Privilege. A word I never thought to mean more than a decadent life filled with wealth, luxury and leisure, can be defined as an unacknowledged unknown that one may never notice they have until it’s taken away. Although it is commonly known that things are never truly appreciated until they are missed, this definition of privilege as an elusive gift of societal hierarchy and economic stature stood out to me.
When I was growing up, I had it all. The elaborate birthday parties that consisted of my father taking myself and ten of my willing friends to Disneyland, the closet big enough to house a family of six (or clothe an army), and the graceful peace that having money so delightfully provides. I thought this was privilege.
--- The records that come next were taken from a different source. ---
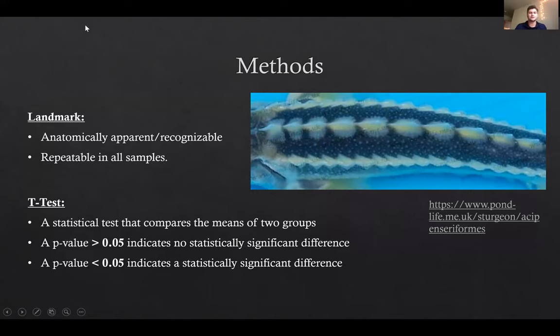Before I go into what I did, I want to establish some baseline definitions. In morphometrics, we use something called landmarks — these are anatomically apparent and recognizable places that can be repeated in all of our samples. We assign landmarks so that as we compare morphology, we can use them as reference points to track how morphology changes. Statistically, a t-test simply compares the two means of groups. A p-value below 0.05 indicates a statistical difference, whereas a larger p-value above that threshold does not.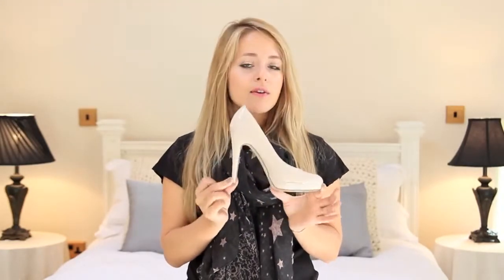I thought I found the perfect pair in these, which I actually bought for my graduation two years ago. They're not expensive — they're from Dorothy Perkins, around the 30 pound mark. They look really nice from the side; I really like the silhouette and the shape.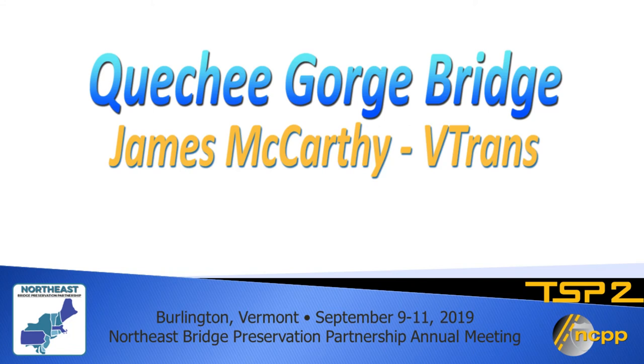Our next presentation is on our technical tour. Presenting it will be J.B. McCarthy with the Vermont Department of Transportation.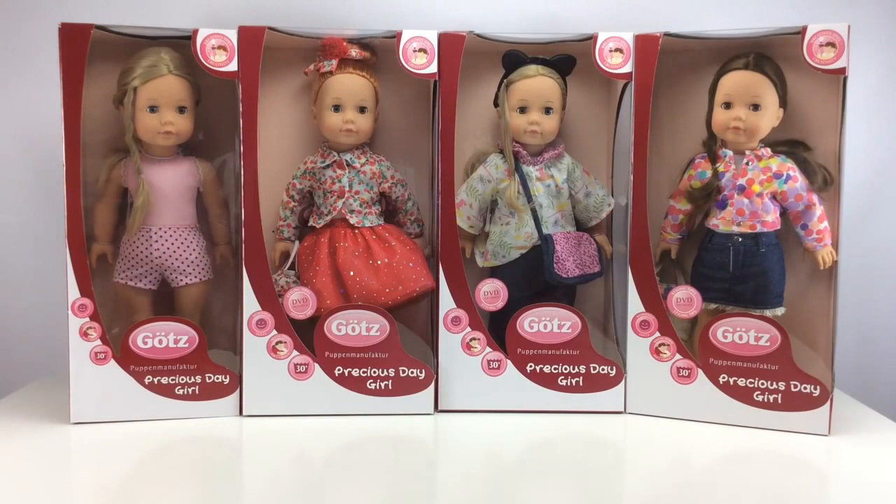We've got a range of 18-inch play dolls from Gotts called the Precious Day Girls. These are four dolls in the range for 2015.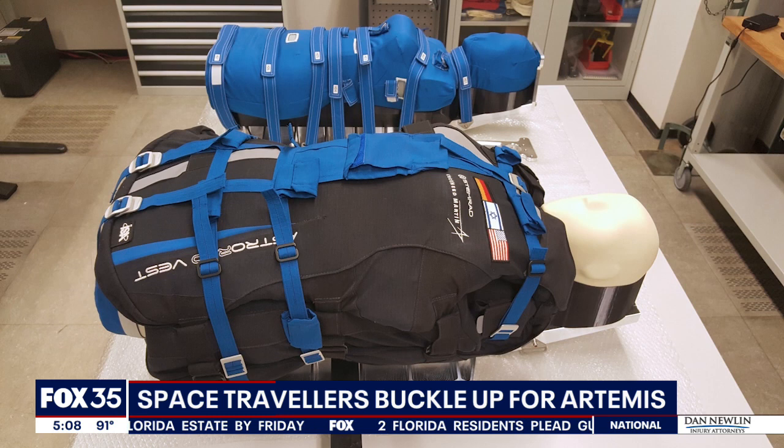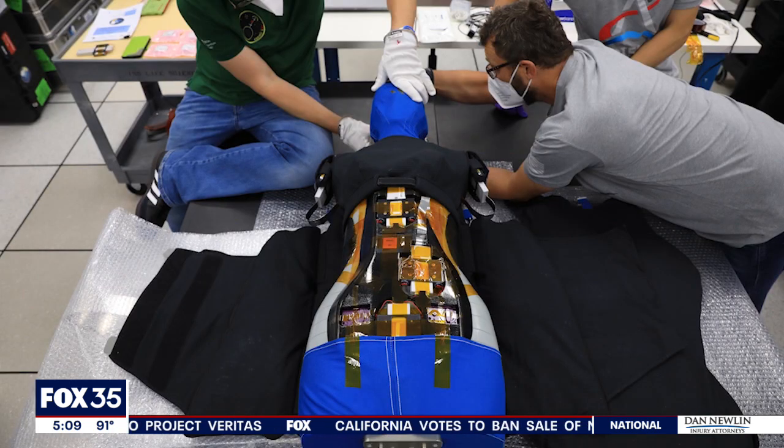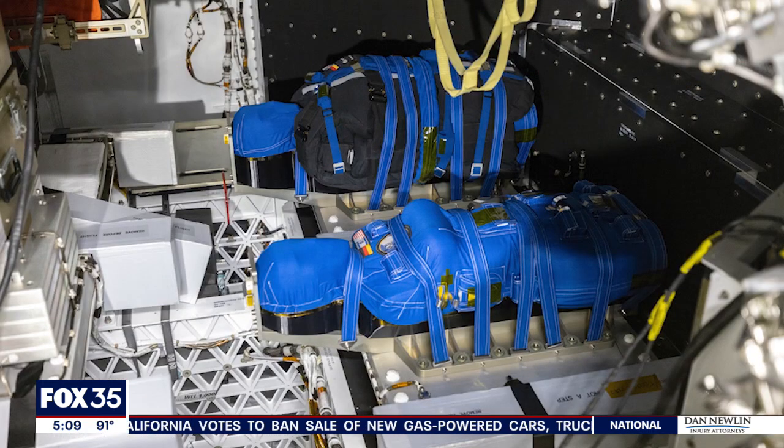And here are his two female counterparts, two mannequins named Zohar and Helga, that will test radiation in space. They are made of material — probably a ballistics-type material — that is the same size and feel of an average female. Zohar will be decked out in a protective vest, while Helga won't. The experiment hopes to better understand the effects of radiation on the human body, especially on women, whose bodies are more vulnerable to the impacts of deep space.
And just as such, when my father left our family without a dime or a home, I felt stripped of all the luxurious rights I had become accustomed to. Thus, I considered privilege’s worth in paper – money was the way to live a privileged, happy life. And I was distraught with fear for most of my life (and still somewhat so) when money left my fingertips, and did not return home as easily as it once had. Yet what struck me so much about our class definition of the word was not its monetary value, but the examples of privileges that I had overlooked. The difference of a man walking down the streets of LA at night as opposed to a woman, the “threat” that Asian Americans posed in universities, the implicit rule that Asians could only be like whites but can never truly live up to their level. Privilege then, is not just money. It is the “painful wake-up call that underscores the extent to which the biases of the dominant white majority still prevail.” (Machida, 33) The influx of overvalued men over women’s rights stand as a testament to describe the ails of privilege, while the people of color either stand as part of the Asian model minority or simply fall to the bottom of the social ladder.
Privilege does not mean privilege. It is a diaspora of prejudice and subjugation strewn across the world to make one sensible meaning: If you’re lucky, have fun. If you’re not, tough luck.